On Wednesday, 25 August 2021 14:22:39 BST Peter Humphrey wrote:
> On Wednesday, 25 August 2021 12:27:08 BST Neil Bothwick wrote:
> > On Wed, 25 Aug 2021 11:35:26 +0100, Peter Humphrey wrote:
> > > > > 	As the Firefox dir is all text files, I think, when you
> > > > > 
> > > > > blow it away and rebuild and get the correct behaviour, grab a
> > > > > copy. When the dodgy behaviour returns diff the copy, with the
> 
> good
> 
> > > > > behaviour, against the current dir, with the dodgy behaviour, and
> > > > > see what's changed. That may lead to an indication of what's being
> > > > > naughty.
> > > > 
> > > > Good idea.
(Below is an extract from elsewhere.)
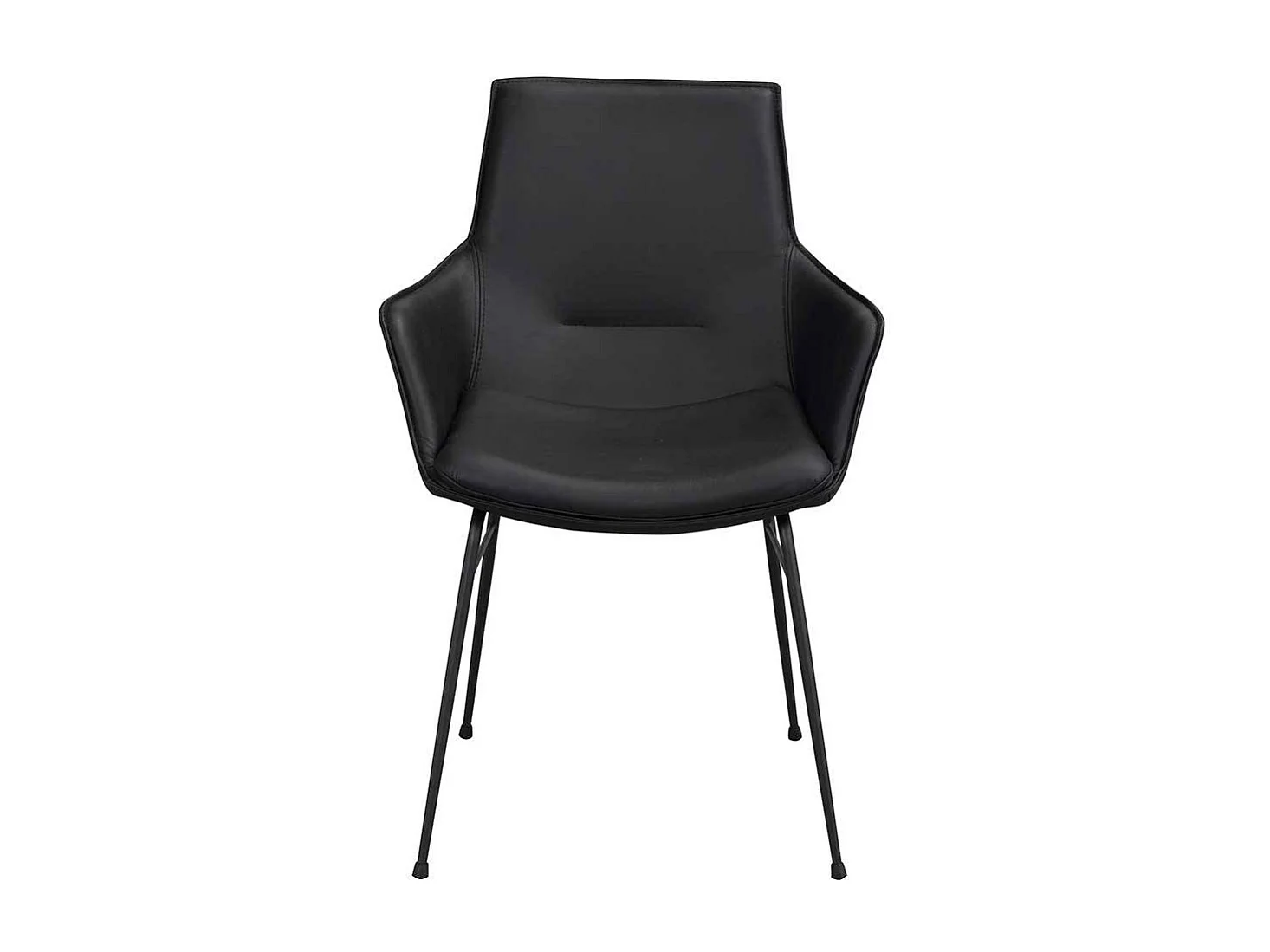 Schwarze Tischsessel aus Glattleder Gestell aus Metall (2er Set)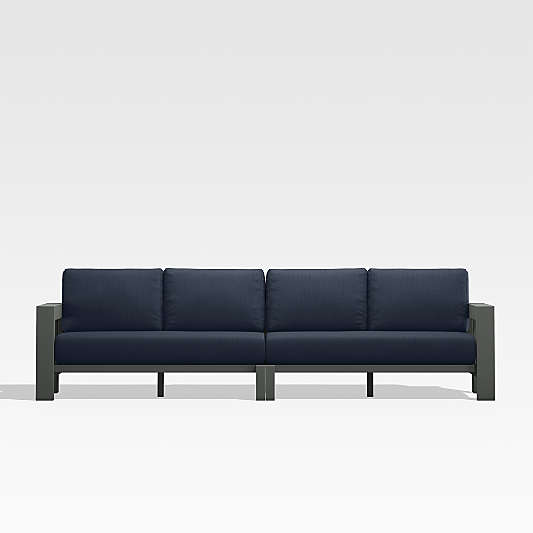 Walker 117" 2-Piece Metal Sectional Sofa with Navy Canvas Sunbrella ® Cushions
Thanks Andrew.
> > > 
> > > Just a small matter of 308 files to check.  :)
> > 
> > diff -r old/ new/ >lotsofstuff/txt :)
> :
> :)

I have observed something similar in three edge use cases.

1. When the browser is fighting against the window manager, or display 
environment, in the rendering of the application.  I recall this being a 
particularly annoying problem a few years back, with Chromium on Enlightenment 
DE.  From what I recall the problem was caused by Chromium's code taking over 
some window rendering functions, which conventionally was performed by the 
window manager.  Minimising and restoring the Chromium window was a workaround 
to fix this problem, until Chromium improved their code.

2. When an application window is running in a QEMU VM and the VM full desktop 
window itself is not maximised on the host.  The mouse events are 
geographically misaligned with the target.  After the guest desktop window is 
maximised the mouse becomes aligned and remains so even if the guest desktop 
window is resized thereafter.

3. On a particular system I discovered Firefox tabs and scroll bar disappear, 
or do not respond, when running on Plasma in Wayland.  Plasma in X11 plus 
Firefox works fine.

I haven't found a workaround for the Firefox problem on Wayland, perhaps an 
update will address this.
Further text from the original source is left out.